Verse 3. As the dew of Hermon, etc. As touching this similitude, I think the prophet useth the common manner of speaking. For whereas the mountains oftentimes seem to those that behold them afar off, to reach up even unto heaven, the dew which cometh from heaven seemeth to fall from the high mountains unto the hills which are under them. Therefore he saith that the dew descendeth from Hermon unto the mount Sion, because it so seemeth unto those that do behold it afar off. --Martin Luther.
Verse 3. As the dew of Hermon. The dews of the mists that rose from the watery ravines, or of the clouds that rested on the summit of Hermon, were perpetual witnesses of freshness and coolness -- the sources, as it seemed, of all the moisture, which was to the land of Palestine what the fragrant oil was to the garments of the High Priest; what the influence of brotherly love was to the whole community. --Arthur Penrhyn Stanley (1815-1881), in "Sinai and Palestine."
Verse 3. Dew of Hermon. We had sensible proof at Rasheiya of the copiousness of the "dew of Hermon", spoken of in Psalms 133:3 , where "Zion" is only another name for the same mountain. Unlike most other mountains which gradually rise from lofty table lands and often at a distance from the sea, Hermon starts at once to the height of nearly ten thousand feet, from a platform scarcely above the sea level. This platform, too -- the upper Jordan valley, and marshes of Merom -- is for the most part an impenetrable swamp of unknown depth, whence the seething vapour, under the rays of an almost tropical sun, is constantly ascending into the upper atmosphere during the day. The vapour, coming in contact with the snowy sides of the mountain, is rapidly congealed, and is precipitated in the evening in the form of a dew, the most copious we ever experienced. It penetrated everywhere, and saturated everything. The floor of our tent was soaked, our bed was covered with it, our guns were dripping, and dewdrops hung about everywhere. No wonder that the foot of Hermon is clad with orchards and gardens of such marvellous fertility in this land of droughts. --Henry Baker Tristram, 1867.

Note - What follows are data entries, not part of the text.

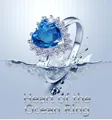 Elegant heart shaped blue gemstone ring with halo diamonds on a water splash background - Blue Diamond [white Copper Plated With White Gold] Ljz-69 / Adjustable Open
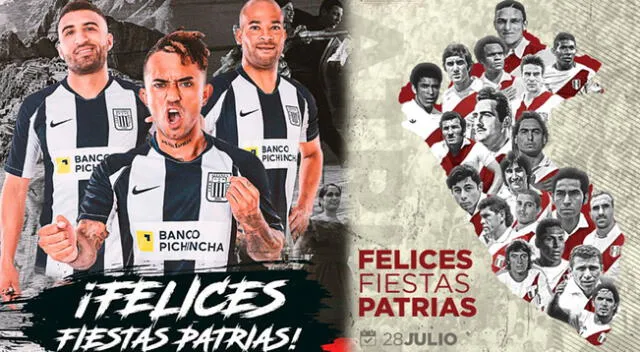 Alianza Lima y Universitario de Deportes se sumaron a los saludos por Fiestas Patrias.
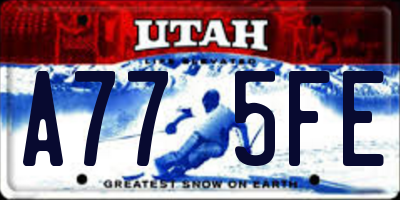 UT license plate A775FE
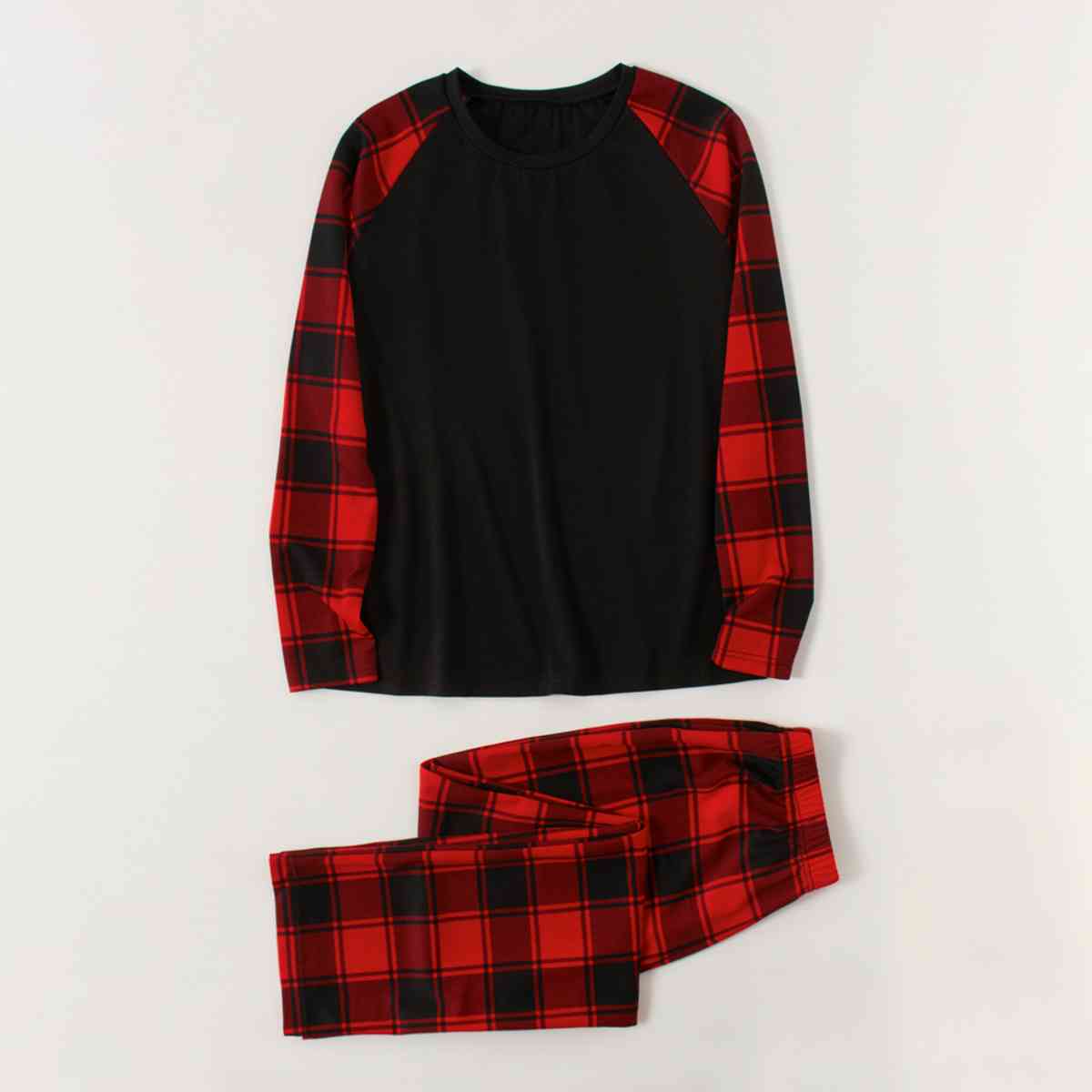 Raglan Sleeve Top and Plaid Pants Set - T - SOLD BY SIZE / 2 PCS. - 4 SIZES -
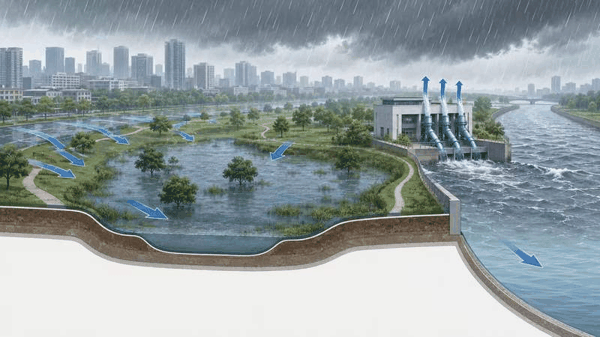 雨水进入城市蓄涝区排水示意图。北京市水务局供图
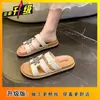 Sandalias Planas de Punta Abierta para Mujer Verano 2025 Nuevo Estilo Coreano Moda con Pedrería Flor de Moda Slip-On Zapatos de Playa para Exteriores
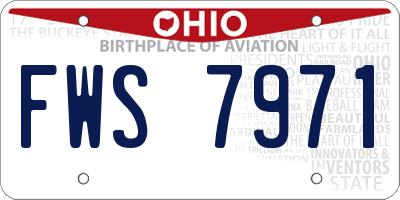 OH license plate FWS7971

Verse 3. As the dew of Hermon that descended upon the mountains of Zion. --
So the dews on Hermon's hill
Which the summer clouds distil,
Floating southward in the night,
Pearly gems on Zion light. --William Digby Seymour.
Verse 3. There the Lord commanded the blessing. God commands his blessing where peace is cultivated; by which is meant, that he testifies how much he is pleased with concord amongst men, by showering down blessings upon them. The same sentiment is expressed by Paul in other words ( 2 Corinthians 13:11 Philippians 4:9 ), "Live in peace, and the God of peace shall be with you." --John Calvin.
Verse 3. The LORD commanded the blessing. By a bare word of command he blesseth: "there he commands the blessing", that blessing of blessings, "even life for evermore"; like as it is said, "he commanded, and they were created": Psalms 148:5 . So "he commands and we are blessed." --Thomas Goodwin.
Verse 3. The LORD commanded the blessing. It is an allusion possibly to, great persons, to a general, or an emperor: "Where the word of a king is, there is power." The centurion said, "I say to one soldier, Go, and he goeth, to another, Come, and he cometh; to a third, Do this, and he doth it." So God commandeth one ordinance, "Go and build up such a saint", and it goeth; he saith to another ordinance, "Come, and call home such a sinner", and it doth it; God's words and work go together. Men cannot enable others, or give them power to obey them; they may bid a lame man walk, or a blind man see; but they cannot enable them to walk or see: God with his word giveth strength to do the thing commanded; as in the old, so in the new creation, "He spake, and it was done; he commanded, and it stood fast:" Psalms 33:9 . But there the Lord commands his blessing, "even life for evermore." The stream of regeneration, or a spiritual life, which shall never cease, but still go forward and increase, till it swell to, and be swallowed up in the ocean of eternal life, "even life for evermore." --George Swinnock
HINTS FOR PASTORS AND LAYPERSONS
Verse 3. The chosen place for blessing. A church; a church united, a church bedewed of the Spirit. What a blessing for the world that there is a commanded place of blessing!
Verse 3. (first clause). This should be rendered, "As the dew of Hermon, that cometh down on the mountains of Zion." From the snows upon the lofty Hermon, the moisture raised by the sun is carried in the form of vapour, by the wind towards the lesser elevations of Zion, upon which it falls as a copious dew. Thus, Christian concord in church fellowship --
- Despises not the little ones, i.e. the mean, poor, and less gifted. It,
- Recognises that God is the Father, and Christ is the Redeemer of all believers alike.
b) Acknowledges oneness of faith as the true basis of fellowship; not wealth, social position or talent.
c) Believes that the least member is essential to the completeness of Christ's body.
d) Realises that everything which renders one in any way superior to another is the gift of God.
b) The learned to the ignorant.
c) The joyful to the sorrowing.
d) The steadfast to the erring: James 5:19 .
- Displays its value more by loving generosity, than by a conspicuous appearance before the world. As Hermon was more valuable to Zion for its dew than for its adornment of the landscape.
- A generous activity exhibits and requires more real grace than showy architecture or ornate worship does.
b) Through it, godliness flourishes more than by a vaunted respectability. Zion was fertilized by the dew, not by the grandeur of Hermon.
Verse 3. Commanded Mercy. Elsewhere goodness is bestowed, but in Zion it is commanded.
- Commanded mercy implies that it must necessarily be given.
- Commanded mercy attends commanded unity.
- Commanded mercy secures life more abundantly, "life for evermore." -- W. B. H.